I was either nine or ten at the time, and I was the biscuit monitor at my primary school. So what is, or rather was, a biscuit monitor? Well, it’s like this.
At that time, every child in Britain was given a small bottle of
free milk at morning break. I gather it was to stop us getting rickets or
something. (Mrs Thatcher later put a stop to it, as Mrs Thatcher put a stop to
just about everything which had a whiff of altruism about it.) And along with
the milk we were offered a selection of biscuits (two as I recall – malted milk
with a cow embossed on them, and a wrapped, chocolate-covered confection
called, if I remember correctly, Choc-a-Doodles. They had a cartoon cockerel on
the wrapper, just to explain the otherwise arcane nature of the humorous name.
Maybe they should have been called Choc-a-Doodle-Dos, but I expect the wrapper
wasn’t big enough.)
Anyway, the biscuits weren’t free; they had to be paid for
at a nominal price, and one child was selected to take charge of the biscuit
box and sell the comestibles. That was me.
Problem: I didn’t get enough pocket money to afford such
luxuries as biscuits at morning break time, and I suppose it should come as no
surprise that I felt some slight sting of deprivation and injustice when I saw
the other kids freely producing their pennies and munching happily on the sweet
reward. So what did I do? I decided that as there were no teachers around while
the biscuits were being dispensed, I’d simply help myself to one every now and then
(probably every day, if I’m to be belatedly honest.)
Second problem: Nobody had explained to me that there was
such a thing as stocktaking or how it worked. I had no idea that there would be
a weasly teacher somewhere counting the stock and counting the money and
putting the figures together and discovering that two and two make three. Which
they don’t, and which is why I was stopped one day and told to empty my
pockets. I hadn’t eaten the Choc-a-Doodle that day; it was in my pocket… Damn!
I was told that I would be seen by the headmaster in his office later.
And so it came to pass, only the headmaster wasn’t alone in his office; my mother was there, too. She was sitting in a
chair, sobbing.
‘You black-hearted little villain,’ intoned the headmaster.

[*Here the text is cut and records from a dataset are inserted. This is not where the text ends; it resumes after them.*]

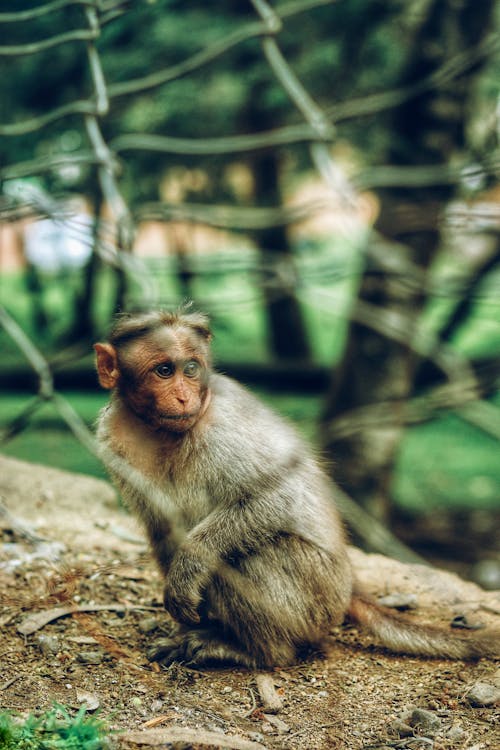 Základová fotografie zdarma na téma divočina, makak, roztomilý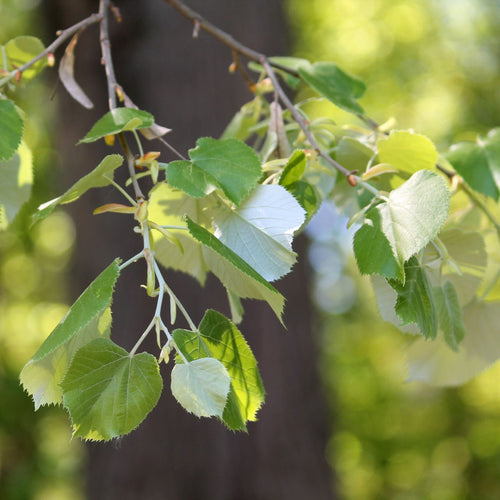 Silver Lime Tree | Tilia tomentosa Ornamental Trees
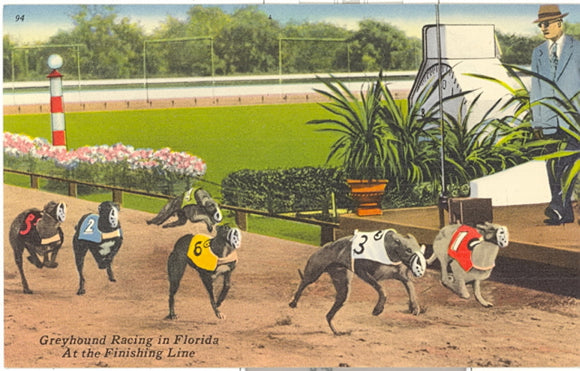 Greyhound Racing in Florida - Carey's Emporium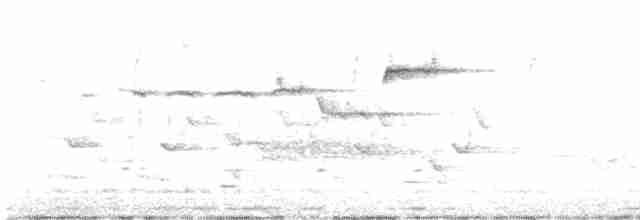 Kara Kanatlı Piranga - ML618623539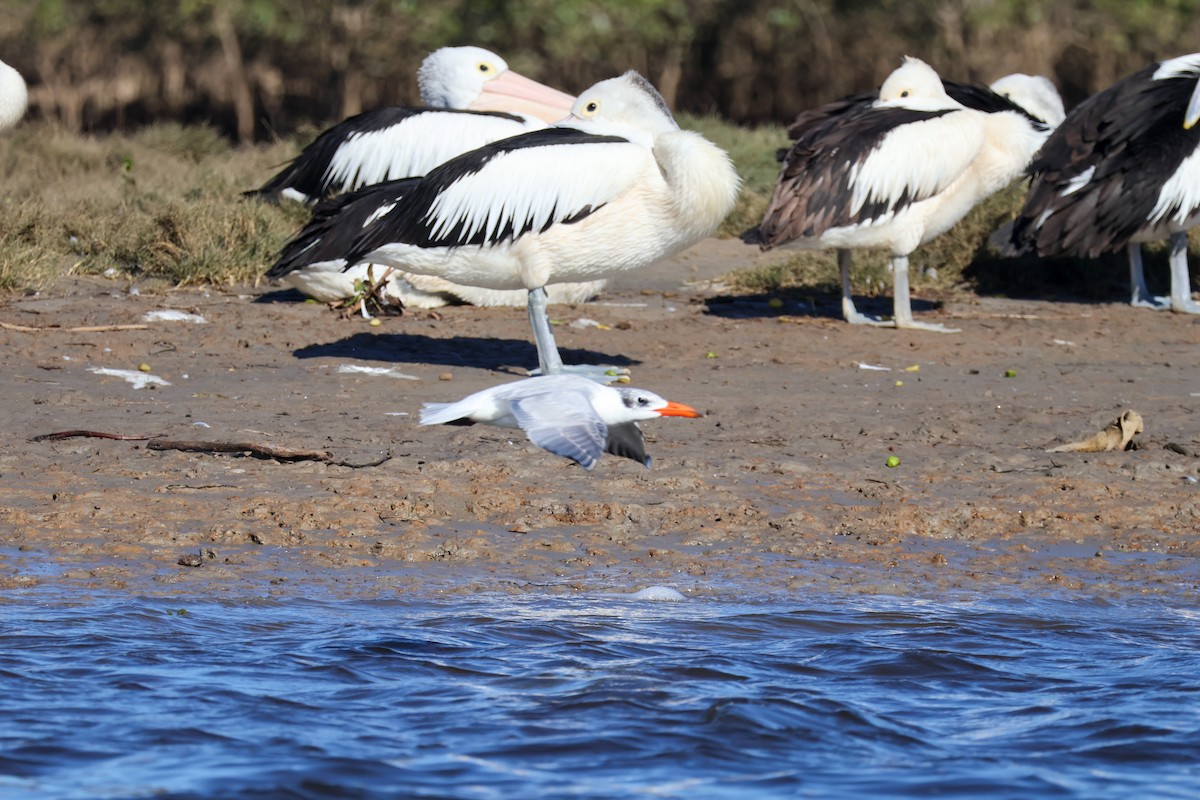 Caspian Tern - ML637300382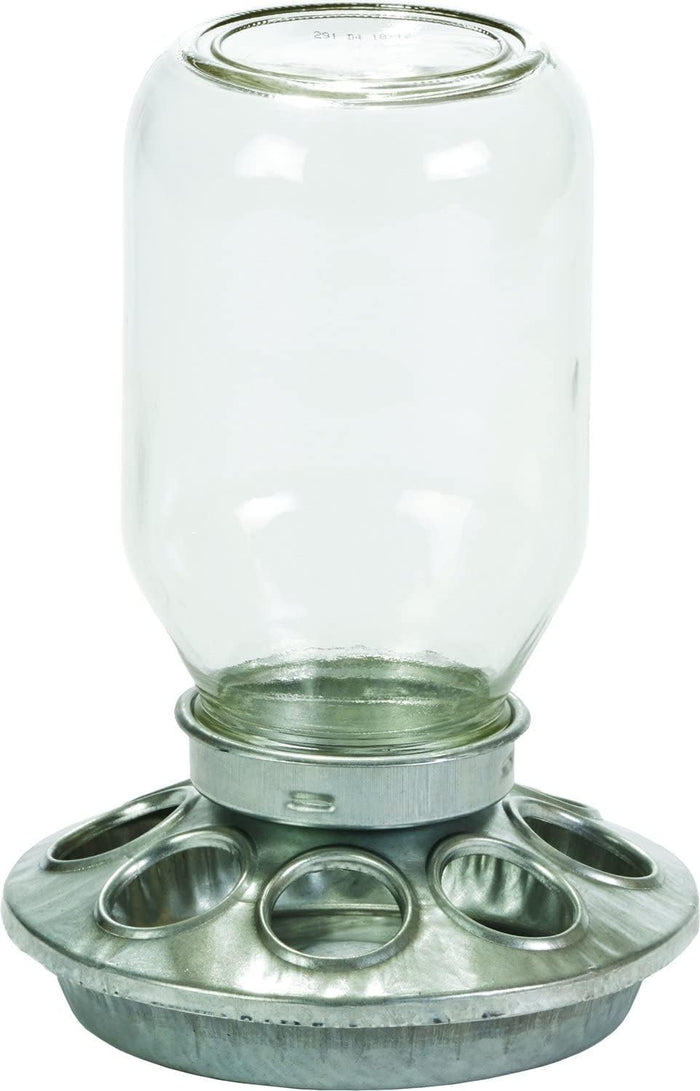 Little Giant Mason Jar Baby Chick Feeder 1 Quart Poultry Galvanized Steel Base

‘Look what your depraved and dastardly deed has done to your poor mother. It
has heaped upon her such disgrace and distress as the day would quake to look
on, and she such a fine, upstanding woman who deserves better than your
wretched little self is capable of giving her. I hope you are truly ashamed.’
Or words to that effect.
‘But she isn’t upstanding, sir,’ I replied. ‘She’s sitting
down.’
(No I didn’t. I made that bit up because I just realised it’s
what I should have said.)
I must admit, I did feel ashamed, although mostly because it
seemed the right thing to feel in the circumstances. I didn’t really understand
why my mother should have been so upset. She hadn’t stolen anything, had she, so
what was her problem? Still, at least I wasn't consigned to a life of toil and turmoil in a penal colony in New South Wales, as my sheep-stealing peasant forebears had been.

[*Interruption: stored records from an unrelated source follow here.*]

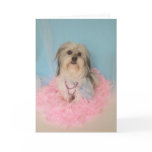 Fancy Dog Birthday Card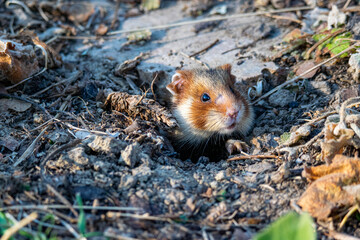 Wild Hamster living in Vienna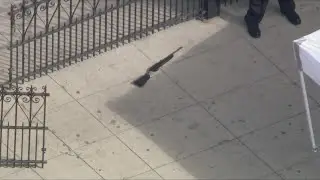 Police shoot armed suspect near Exposition Park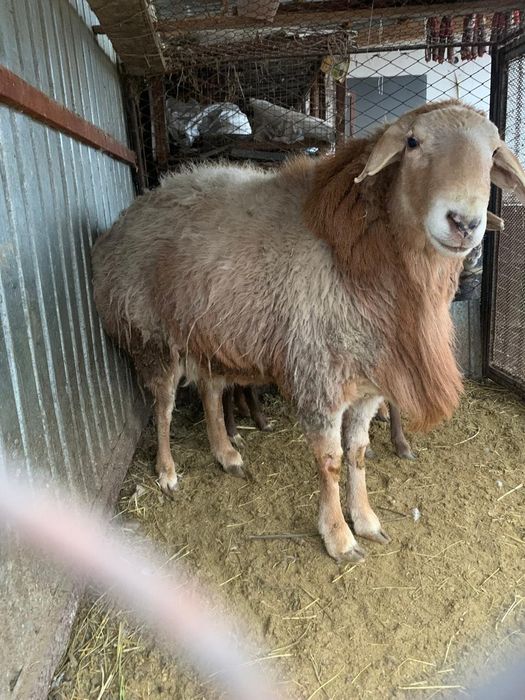 Продам барана аршан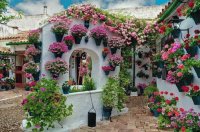 Flowerful Patio Cordoba Spain
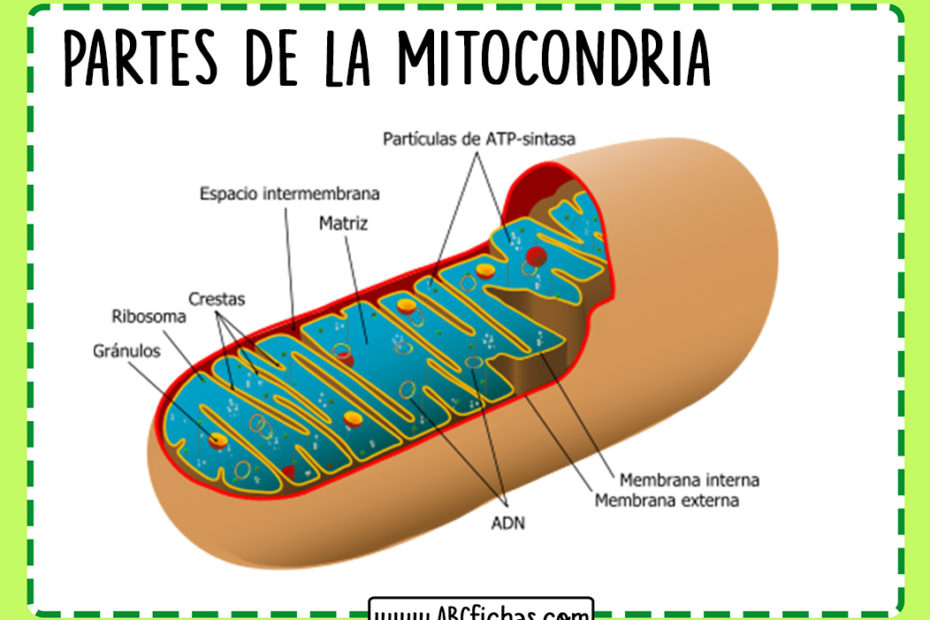 Partes de la mitocondria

So did it cure me of stealing? More or less, but mostly it
taught me that if I were going to do something against the rules, or the
regulations, or the law, or whatever, I would need to be more circumspect. I
would need to consider all the ways that my action might be found out and
proceed accordingly, and to work out a variety of means by which I might
wriggle out of retribution should I be discovered. And it’s mostly worked.